De « l’usage » découle « le contenue ». L’usage demande « hiérarchisation claire » qui nécessite un « contenue régulier ».
Dernier point lié à l’usage d’un journal papier : l’habitude.
Pour beaucoup, l’achat d’un journal puis son survol, enfin sa lecture, restent un cérémonial, une habitude quotidienne. Tel journal, acheté à tel kiosque, lu à tel café, d’abord tel page, puis tel autre (d’où la nécessité d’un rubriquage rigoureux)… Une succession de rites rassurant qui sont bien difficiles à faire changer.
Chercher de nouveaux lecteurs consiste donc à changer leurs habitudes pour leurs en imposées de nouvelles organisés autour de votre journal. Appâter, harponner, fidéliser.
La Marseillaise aujourd’hui n’y est pas du tout. Pas plus en moyen humain qu’en méthode ou qu’en orientation.

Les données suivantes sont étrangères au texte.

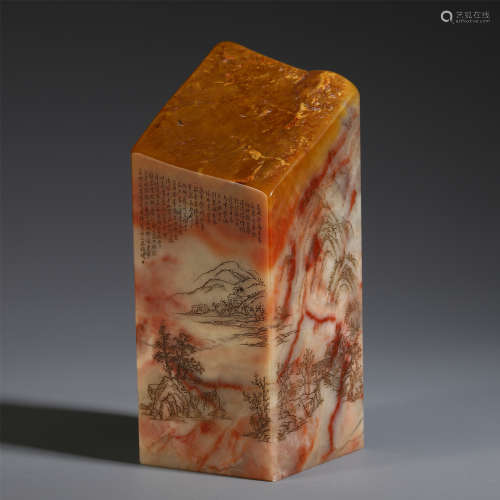 CHINESE CHICKEN BLOOD STONE CARVED LANDSCAPE & POEM SEAL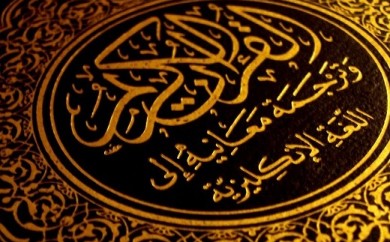 tafsir Al-Inshiqaq en langue français - Mosquee Taqwa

Certains caractères du journal pourrait pourtant devenir des leviers important dans cette quête vitale : d’abord le mondial à pétanque la Marseillaise qui n’est absolument pas exploité pour la promotion puis la vente (à long terme) du journal, puis la spécificité éditorial historique du journal, un canard d’opinion de gauche, dont le positionnement actuel apparaît comme inintelligible par beaucoup de lecteurs qui ne restent donc que potentiel.
Voilà donc un constat sur l’usage du journal papier qui influe sur son contenue et même sa ligne éditoriale.